Last night, Jan, Mo, and I went to see Jojo Rabbit.
I’m still processing.
Bob Mondello at NPR tell us, “Jojo Rabbit is gently comic for a while, and then surprisingly affecting at the end, so perhaps it’s not fair to wish that Waititi had opted to deal more directly with the horrors of the Third Reich. We are, after all, living in a time when fascism is again a growing threat.”
Which, of course, raises a bunch of questions.
Owen Gleiverman at Variety finds the whole project hipper than thou. “It asks us to divide ourselves into the hip and the square. The hip are those who are savvy and brazen enough to look right into the face of the hate that surrounds us and to laugh in a defiance so roguish and knowing that it makes them part of the Insider Intransigence Club. The square are those of us who are not clued-in enough to join that club.”
It is a strange mixture, no doubt. And it faces some hard, hard things from angles we don’t normally come from.
At the end I felt it was a strange film, The term “satire” that’s often used to describe it, certainly doesn’t quite capture it, although its part of it. Mo suggested “fantastic realism.” I kind of like that, sidestepping the traditional term “magical,” and with that the host of assumptions the traditional term brings along. Rather, we’re invited into a passing strange world, where we can see it is in fact the world we live in. It’s just we usually miss how totally weird it is. So, an invitation to look slant…

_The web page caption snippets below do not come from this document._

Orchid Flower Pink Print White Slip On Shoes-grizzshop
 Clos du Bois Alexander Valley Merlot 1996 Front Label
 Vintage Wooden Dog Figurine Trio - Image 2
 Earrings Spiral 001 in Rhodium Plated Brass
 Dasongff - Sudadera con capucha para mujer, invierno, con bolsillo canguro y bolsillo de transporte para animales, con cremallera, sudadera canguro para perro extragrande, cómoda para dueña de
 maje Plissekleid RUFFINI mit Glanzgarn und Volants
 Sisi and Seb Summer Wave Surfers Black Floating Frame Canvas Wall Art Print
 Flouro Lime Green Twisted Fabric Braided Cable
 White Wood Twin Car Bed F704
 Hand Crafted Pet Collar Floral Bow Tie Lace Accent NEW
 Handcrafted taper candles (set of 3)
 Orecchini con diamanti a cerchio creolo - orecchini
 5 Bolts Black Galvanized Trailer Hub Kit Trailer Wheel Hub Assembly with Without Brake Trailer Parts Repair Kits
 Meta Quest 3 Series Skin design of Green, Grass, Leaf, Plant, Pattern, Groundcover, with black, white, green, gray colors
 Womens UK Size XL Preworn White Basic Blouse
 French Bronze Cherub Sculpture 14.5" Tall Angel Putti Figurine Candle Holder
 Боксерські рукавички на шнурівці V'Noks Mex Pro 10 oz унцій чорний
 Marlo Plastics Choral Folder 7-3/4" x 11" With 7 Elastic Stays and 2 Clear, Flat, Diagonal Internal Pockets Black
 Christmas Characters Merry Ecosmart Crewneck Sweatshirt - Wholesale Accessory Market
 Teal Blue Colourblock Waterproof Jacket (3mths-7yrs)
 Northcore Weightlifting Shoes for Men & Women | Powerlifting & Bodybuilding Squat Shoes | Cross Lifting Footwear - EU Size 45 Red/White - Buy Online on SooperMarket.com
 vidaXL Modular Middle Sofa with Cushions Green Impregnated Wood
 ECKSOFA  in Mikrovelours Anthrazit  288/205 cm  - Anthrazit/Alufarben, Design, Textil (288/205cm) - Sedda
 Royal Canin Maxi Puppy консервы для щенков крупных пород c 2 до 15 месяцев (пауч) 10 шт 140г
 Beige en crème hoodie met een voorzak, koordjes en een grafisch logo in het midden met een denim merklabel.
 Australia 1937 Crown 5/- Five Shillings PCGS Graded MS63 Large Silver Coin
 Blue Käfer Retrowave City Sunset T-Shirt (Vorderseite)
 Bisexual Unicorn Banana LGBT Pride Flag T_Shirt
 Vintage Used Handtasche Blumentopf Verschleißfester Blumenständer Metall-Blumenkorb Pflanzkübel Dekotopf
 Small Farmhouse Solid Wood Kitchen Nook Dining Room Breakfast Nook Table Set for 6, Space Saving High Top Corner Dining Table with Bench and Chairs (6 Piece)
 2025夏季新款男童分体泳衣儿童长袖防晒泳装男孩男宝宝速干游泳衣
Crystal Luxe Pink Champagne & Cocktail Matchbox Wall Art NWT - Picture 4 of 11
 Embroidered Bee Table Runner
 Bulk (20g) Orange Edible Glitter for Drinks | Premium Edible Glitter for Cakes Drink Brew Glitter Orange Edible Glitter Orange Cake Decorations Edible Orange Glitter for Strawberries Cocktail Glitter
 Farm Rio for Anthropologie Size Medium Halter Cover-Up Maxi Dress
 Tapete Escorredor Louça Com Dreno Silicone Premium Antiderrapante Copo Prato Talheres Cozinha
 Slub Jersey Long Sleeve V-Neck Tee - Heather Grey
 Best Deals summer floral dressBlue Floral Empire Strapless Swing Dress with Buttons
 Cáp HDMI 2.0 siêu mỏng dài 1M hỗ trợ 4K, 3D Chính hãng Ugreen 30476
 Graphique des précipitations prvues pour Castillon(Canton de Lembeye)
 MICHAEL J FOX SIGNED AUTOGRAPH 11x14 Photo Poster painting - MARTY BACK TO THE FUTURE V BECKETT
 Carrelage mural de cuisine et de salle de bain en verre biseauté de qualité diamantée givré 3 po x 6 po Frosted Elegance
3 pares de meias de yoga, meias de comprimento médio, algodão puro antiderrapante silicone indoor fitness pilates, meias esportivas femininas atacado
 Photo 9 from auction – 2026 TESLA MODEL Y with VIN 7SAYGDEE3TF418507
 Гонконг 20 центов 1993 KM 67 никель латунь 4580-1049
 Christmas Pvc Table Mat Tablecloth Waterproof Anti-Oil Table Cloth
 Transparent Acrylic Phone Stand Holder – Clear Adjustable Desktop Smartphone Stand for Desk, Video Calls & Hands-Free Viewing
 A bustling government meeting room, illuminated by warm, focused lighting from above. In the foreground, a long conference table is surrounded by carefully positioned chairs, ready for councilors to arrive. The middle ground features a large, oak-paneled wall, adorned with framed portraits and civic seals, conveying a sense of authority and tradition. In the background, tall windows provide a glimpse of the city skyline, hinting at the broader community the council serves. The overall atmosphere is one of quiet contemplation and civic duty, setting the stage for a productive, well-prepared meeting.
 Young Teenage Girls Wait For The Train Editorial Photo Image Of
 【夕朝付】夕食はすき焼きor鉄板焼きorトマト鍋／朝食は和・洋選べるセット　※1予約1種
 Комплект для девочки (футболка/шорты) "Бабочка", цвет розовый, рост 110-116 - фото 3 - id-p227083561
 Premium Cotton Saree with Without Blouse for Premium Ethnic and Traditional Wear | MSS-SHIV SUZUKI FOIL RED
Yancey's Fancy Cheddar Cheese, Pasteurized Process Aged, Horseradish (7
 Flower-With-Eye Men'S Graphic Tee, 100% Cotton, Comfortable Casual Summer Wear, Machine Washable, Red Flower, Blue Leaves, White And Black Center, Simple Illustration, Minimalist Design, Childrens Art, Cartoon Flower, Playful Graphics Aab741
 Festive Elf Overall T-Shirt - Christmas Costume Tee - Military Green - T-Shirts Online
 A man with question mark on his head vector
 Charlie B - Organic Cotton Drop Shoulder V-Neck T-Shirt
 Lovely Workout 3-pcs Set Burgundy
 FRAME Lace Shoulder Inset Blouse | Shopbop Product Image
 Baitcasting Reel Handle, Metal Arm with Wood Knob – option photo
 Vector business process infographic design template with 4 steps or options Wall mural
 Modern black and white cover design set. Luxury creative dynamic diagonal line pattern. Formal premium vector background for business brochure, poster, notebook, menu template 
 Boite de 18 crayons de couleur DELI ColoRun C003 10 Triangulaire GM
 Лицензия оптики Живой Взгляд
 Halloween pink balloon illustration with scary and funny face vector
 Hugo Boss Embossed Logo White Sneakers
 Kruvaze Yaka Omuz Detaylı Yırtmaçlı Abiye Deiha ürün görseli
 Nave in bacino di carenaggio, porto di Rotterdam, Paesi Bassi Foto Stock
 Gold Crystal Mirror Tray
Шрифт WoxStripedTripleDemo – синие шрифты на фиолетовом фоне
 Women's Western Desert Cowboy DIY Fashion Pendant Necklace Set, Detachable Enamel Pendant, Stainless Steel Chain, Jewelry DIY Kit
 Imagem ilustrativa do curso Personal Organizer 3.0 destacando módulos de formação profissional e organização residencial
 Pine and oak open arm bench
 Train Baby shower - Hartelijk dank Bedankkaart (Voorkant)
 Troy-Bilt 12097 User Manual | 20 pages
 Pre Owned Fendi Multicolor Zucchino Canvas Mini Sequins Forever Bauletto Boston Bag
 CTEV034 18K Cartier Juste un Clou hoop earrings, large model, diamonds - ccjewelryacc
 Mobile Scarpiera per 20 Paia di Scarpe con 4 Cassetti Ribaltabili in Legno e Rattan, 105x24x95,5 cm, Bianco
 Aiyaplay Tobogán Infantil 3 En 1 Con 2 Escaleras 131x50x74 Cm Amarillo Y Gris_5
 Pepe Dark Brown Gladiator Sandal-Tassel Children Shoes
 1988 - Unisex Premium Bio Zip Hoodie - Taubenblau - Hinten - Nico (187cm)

It basically has three parts. The first is a childhood view of the Nazi regime, somewhere near the end. Jojo’s imaginary best friend is Hitler, but a rather different Hitler than history portrays. Of course. He is, after all, the creation of a ten year old boy. The second part brings the horrors to the front, if a bit cleaner than in the real world, more from the corner of the eye, that slant thing – but it shows, and we see. Horror enough for Jojo. And by extension, for those willing to surrender into the film, horror enough. The third part puts it together. It is perhaps the most “Hollywood” of the parts, and the most criticized. And. It worked for me.The movie is surrealistic. The background music invites us to consider when actually is it taking place. The supporting actors, starting with the hallucinatory Aldolf Hilter played by the movie’s writer and director Taika Waititi give flesh to fantasy. Scarlett Johansson as Rosie brings the power of adult resistance and the danger of it all as a vital thread through the movie. Rebel Wilson underscores the insanity. Thomasin McKenzie does a turn out job as Elsa, if perhaps not given quite enough to work with. Jojo’s best or second best friend Yorki is played by a consistent scene stealing Archie Yates. Stephen Merchant plays a very scary if also insane gestapo officer. And, Sam Rockwell’s Captain Klenzendorf, a failed storm trooper, and probably something more, offers us the sense of decency too easily coopted, but, also…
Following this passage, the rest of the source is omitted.